__What you have to do__
Make an exact copy of the lines from the one containing "Camicia Manica Corta" through the end of the records below, and leave out every picture.

==== Available records

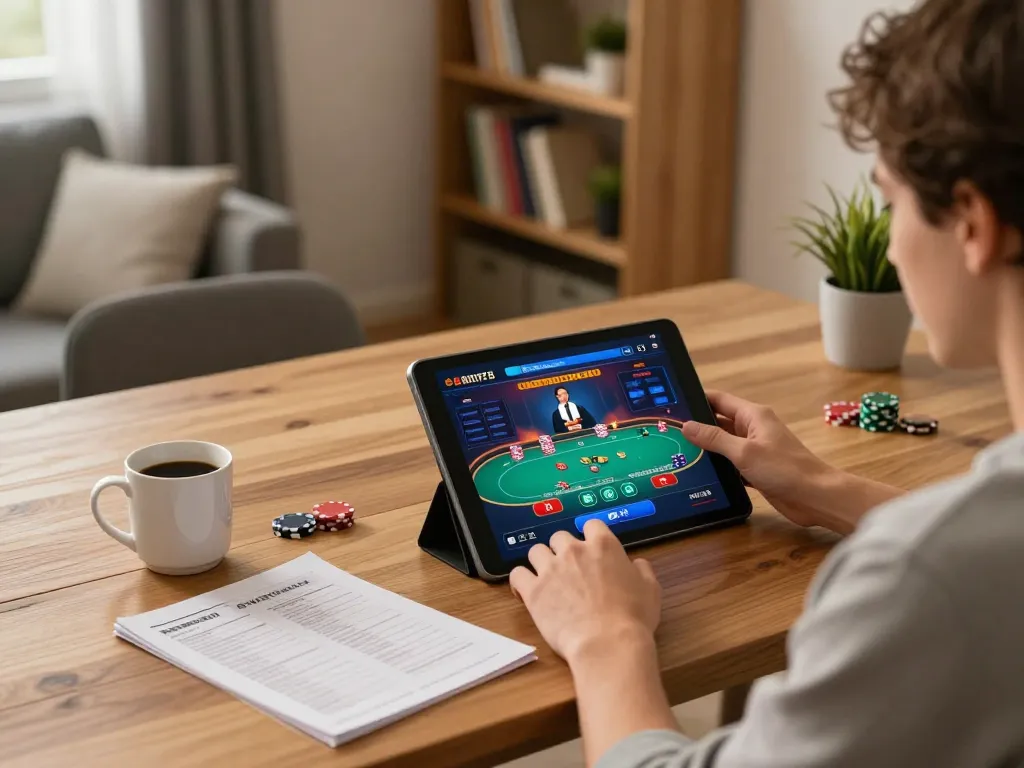 Playing poker online with nk881 on a tablet, showcasing strategy notes in comfortable home setting.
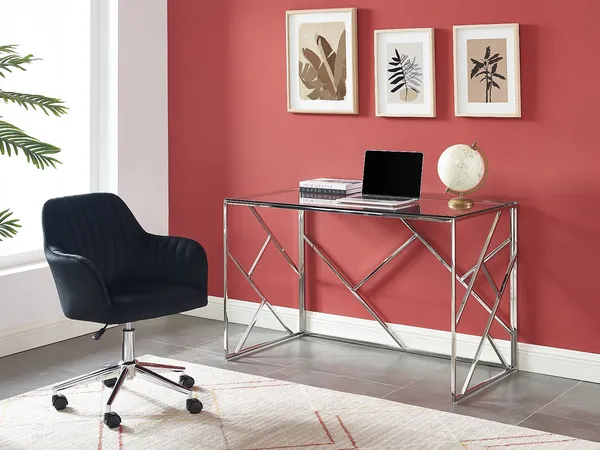 Vente-unique - ELEANA Office chair SamtStoff Schwarz - B 61,5 cm x H 89 cm79,5 cm x L 59 cm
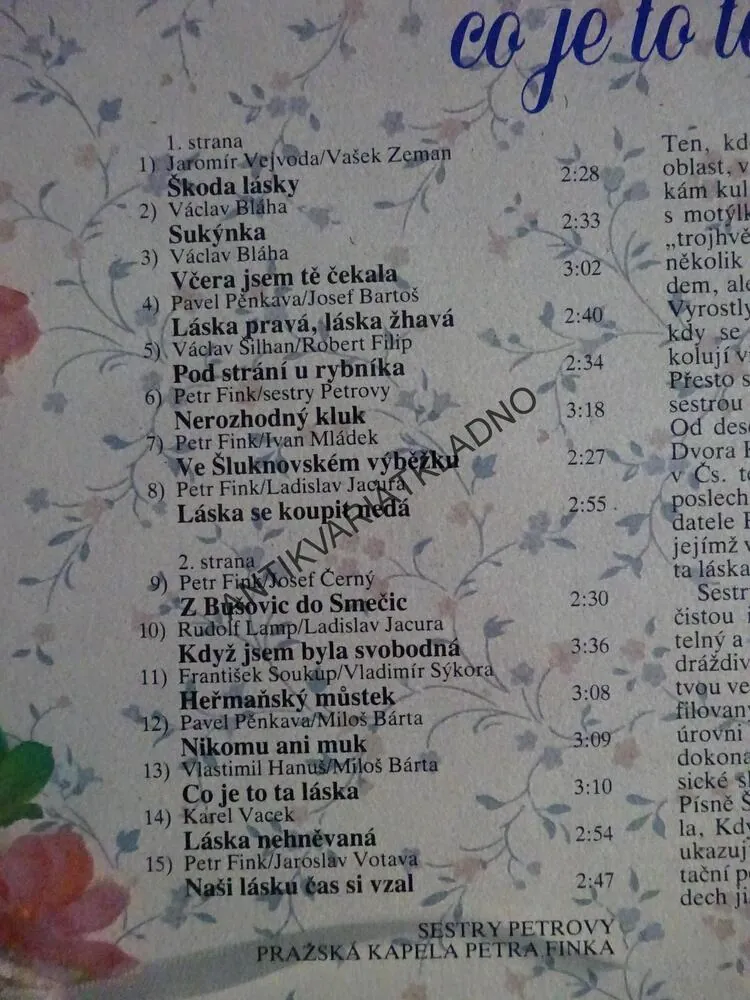 SESTRY PETROVY, CO JE TO TA LÁSKA..., DECHOVKA, LIDOVÉ PÍSNĚ, LP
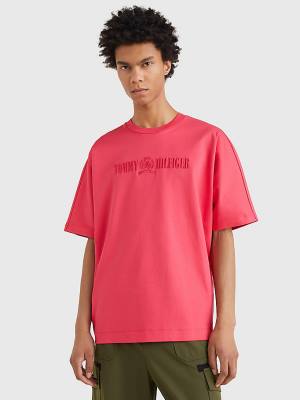 Pink Tommy Hilfiger Crest Embroidery Organic Cotton Men's T Shirts | TH149OYJ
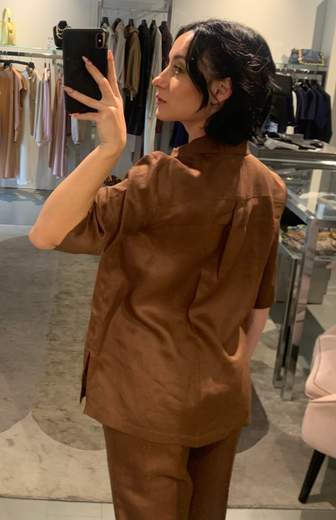 Camicia Manica Corta Lino Con Applicazioni Riva Tricot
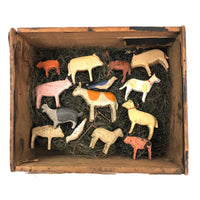 Box of Antique Erzgebirge Wooden Farm Animals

========

__Response below__
 Camicia Manica Corta Lino Con Applicazioni Riva Tricot
 Box of Antique Erzgebirge Wooden Farm Animals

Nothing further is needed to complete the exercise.